I’d bet we’re going to figure out how to make an omohundro optimiser—a fitness-maximizing AGI—before we figure out how to make AGI that can rescue the utility function, preserve a goal, or significantly optimise any metric other than its own survival, such as paperclip production, or Good.
(Arguing for that is a bit beyond the scope of the question, but I know this position has a lot of support already. I’ve heard Eliezer say, if not this exactly, something very similar. Nick Land especially believes that only the omohundro drives could animate self-improving AGI. I don’t think Nick Land understands how agency needs to intercede in prediction—that it needs to consider all of the competing self-fulfilling prophesies and only profess the prophesy it really wants to live in, instead of immediately siding with the prophesy that seems the most hellish, and most easiest to stumble into. The prophesies he tends to choose do seem like the easiest prophesies to stumble into, so he provides a useful service as a hazard alarm, for we who are trying to learn not to stumble))

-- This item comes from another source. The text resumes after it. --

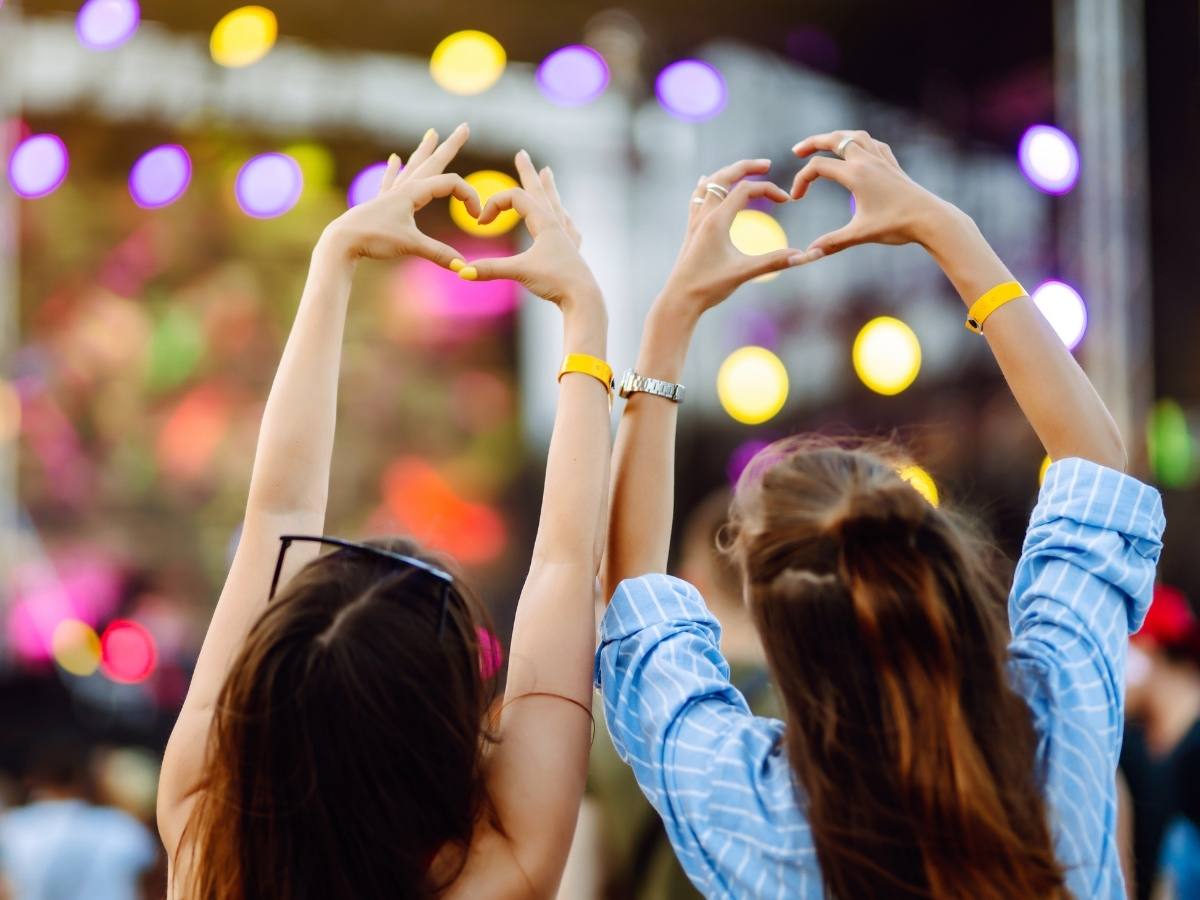 Heart shaped hands at concert. Music concert with lights and silhouette of people enjoying concert for article March Events in Austin for newcomers moving to Austin.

What would you advise we do, when one of us finds ourselves in the position of knowing how to build an omohundro optimiser? Delete the code and forget it?
If we had a fitness-optimising program, is there anything good it could be used for?
Don’t run the code! Do the following alone or with friends:
Understand why the code works. Learn about the nature of agency. What are the parts of an agent? Which parts compute what using what information and what algorithms? How do agents coordinate with each other?
Understand psychology. Read some books (psychology, sociology, history). Talk to people who know about this. Meditate and take drugs that help in introspection (e.g. psychedelics). Generate new hypotheses. Talk to people and test your hypotheses.
Relate agency theories to psychology theories using functionalism. Perhaps the agency theory has “value of information”, and psychology has “curiosity”, and these are functionally similar. Perhaps agency theory has “terminal values”, and psychology has “intrinsic wants”, and these are functionally similar. And so on, and so forth. (You’ll develop better psychology theories along the way, and more human-applicable versions of agency theory)
Use your understanding of agency and psychology to develop epistemology and ethics. How do I get better beliefs? What is right action? How does a healthy mind work? How do I tell what I really want? How do I ethically coordinate with others? How do these translate into practicable virtues?
Attain excellence. Practice virtue. Act ethically and effectively towards what you want. Get better introspection into deeper levels of your mind. Let your understanding of agency and psychology affect these parts as you get awareness of them.
At this point, the rest is up to you.